[Given entries Boundary: Start]

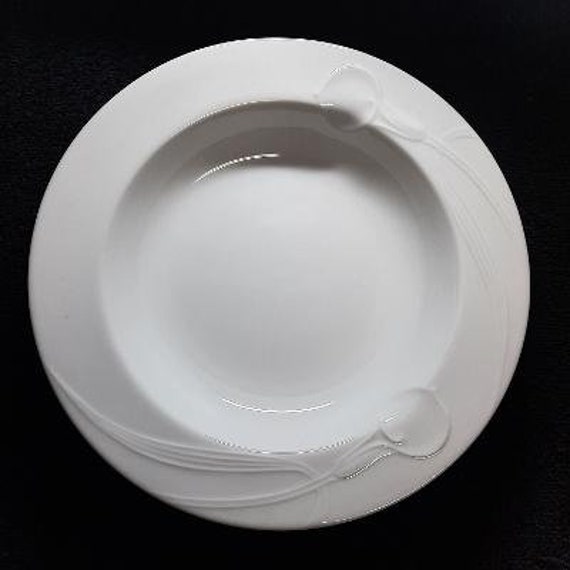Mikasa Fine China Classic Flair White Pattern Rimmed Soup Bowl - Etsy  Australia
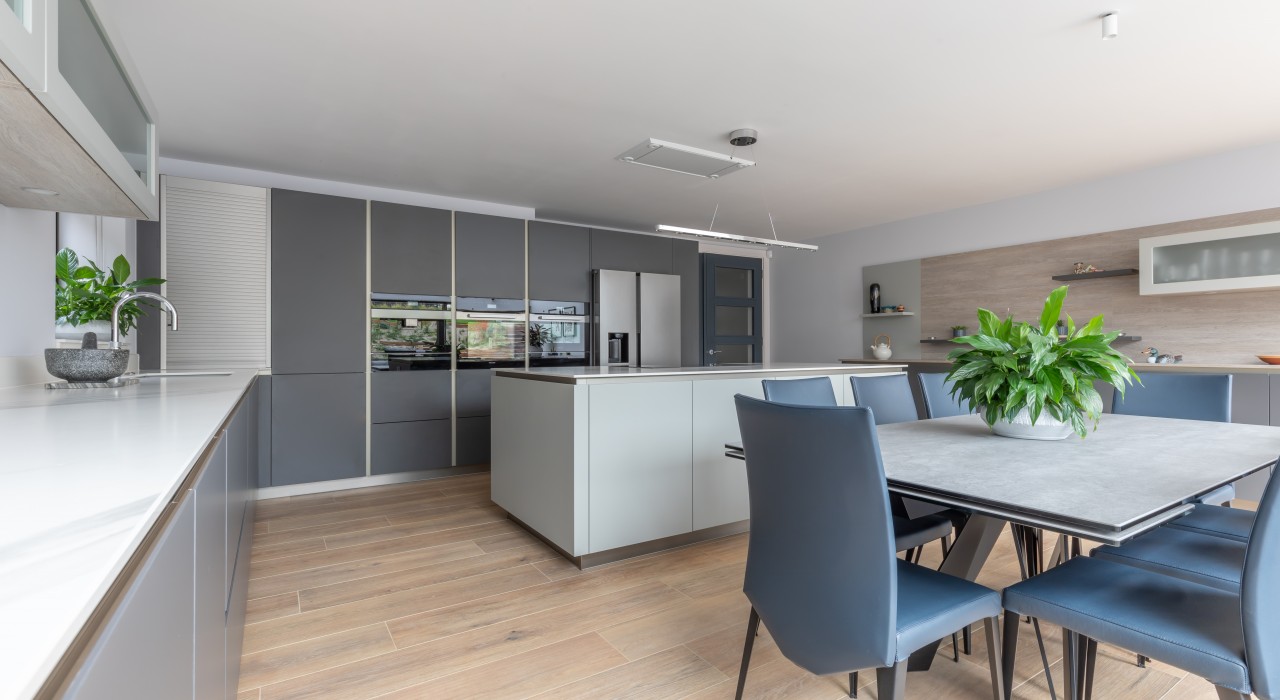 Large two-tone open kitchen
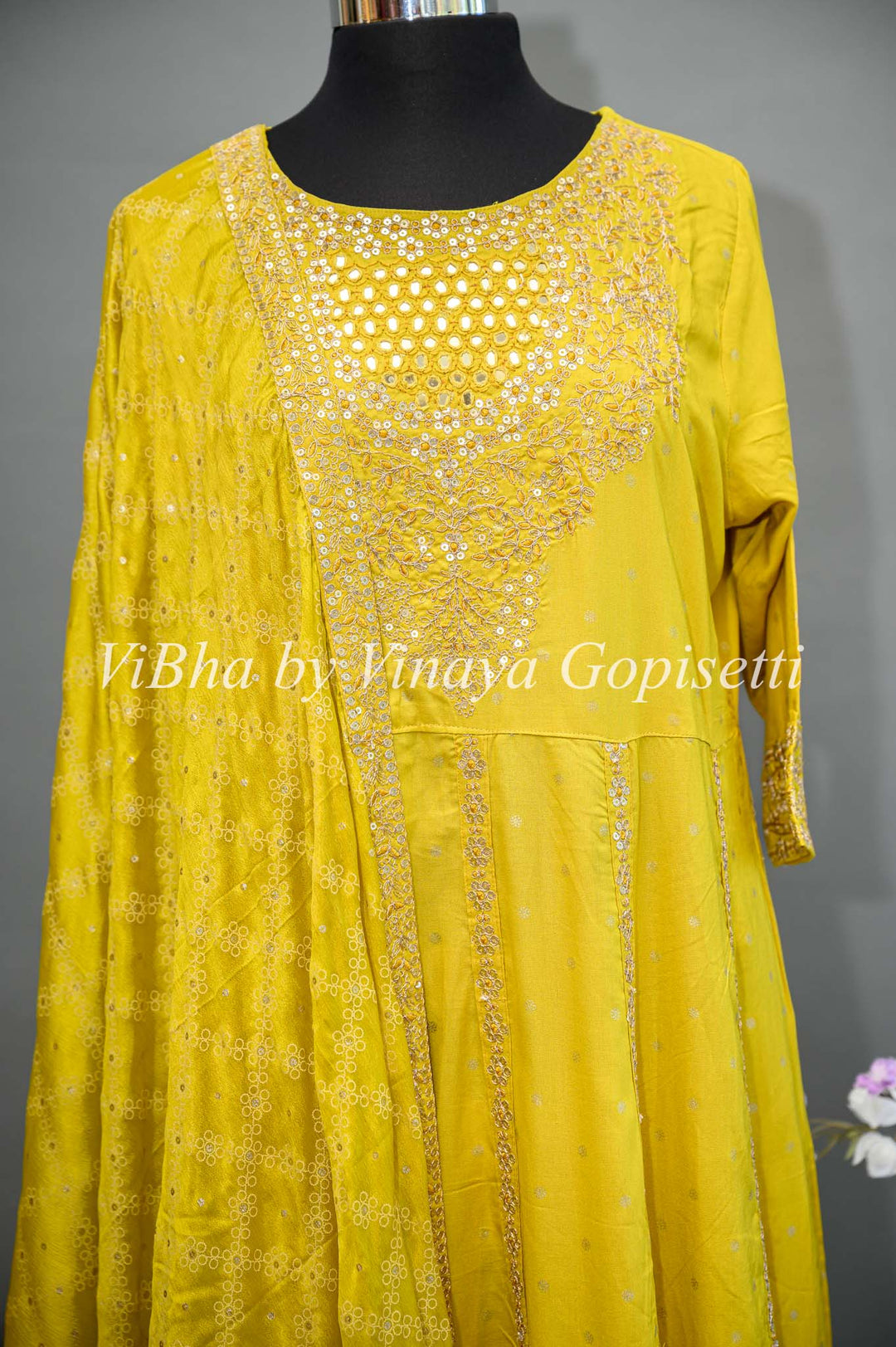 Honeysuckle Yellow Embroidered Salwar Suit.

[Given entries Boundary: End]
[Given entries Boundary: Start]

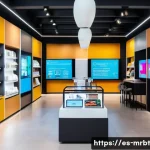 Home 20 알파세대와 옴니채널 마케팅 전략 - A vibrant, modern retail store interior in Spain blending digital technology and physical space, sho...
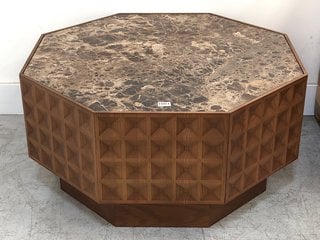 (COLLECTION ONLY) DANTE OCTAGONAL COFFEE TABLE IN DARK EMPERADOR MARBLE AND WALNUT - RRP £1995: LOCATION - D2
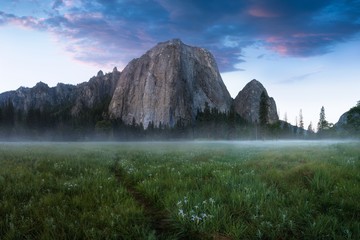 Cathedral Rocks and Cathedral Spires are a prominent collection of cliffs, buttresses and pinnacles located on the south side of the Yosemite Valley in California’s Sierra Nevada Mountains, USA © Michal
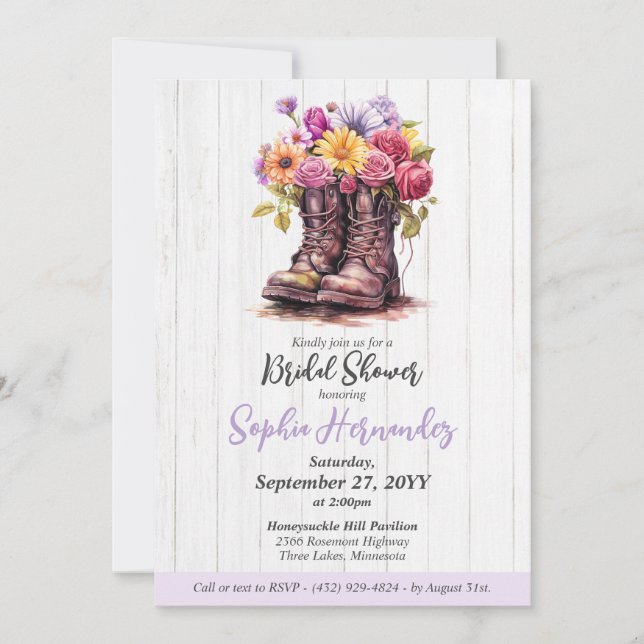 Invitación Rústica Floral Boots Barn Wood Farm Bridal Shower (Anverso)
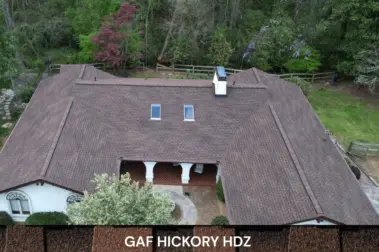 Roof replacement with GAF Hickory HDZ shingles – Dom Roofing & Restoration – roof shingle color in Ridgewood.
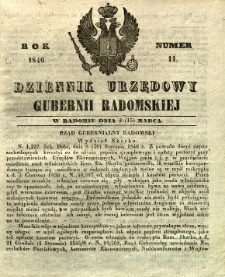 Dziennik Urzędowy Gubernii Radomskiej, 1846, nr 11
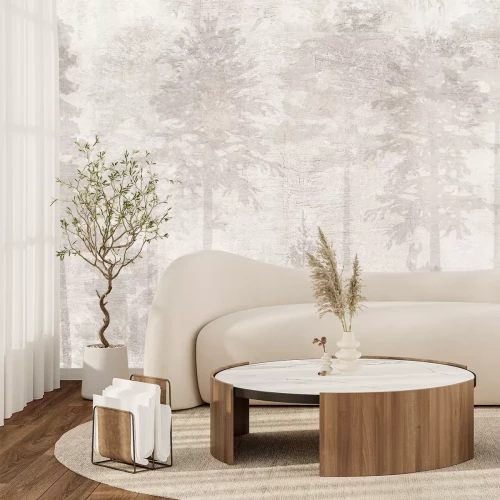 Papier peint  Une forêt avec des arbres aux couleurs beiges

[Given entries Boundary: End]
[Given entries Boundary: Start]

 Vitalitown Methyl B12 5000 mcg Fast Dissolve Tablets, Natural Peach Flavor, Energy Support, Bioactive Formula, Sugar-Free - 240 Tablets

[Given entries Boundary: End]

- What is needed
The expected output is the lines above from the one containing "Cathedral Rocks and" to the one containing "Invitación Rústica Floral", both ends included, reproduced exactly with every picture left out.

- Task result
 Cathedral Rocks and Cathedral Spires are a prominent collection of cliffs, buttresses and pinnacles located on the south side of the Yosemite Valley in California’s Sierra Nevada Mountains, USA © Michal
 Invitación Rústica Floral Boots Barn Wood Farm Bridal Shower (Anverso)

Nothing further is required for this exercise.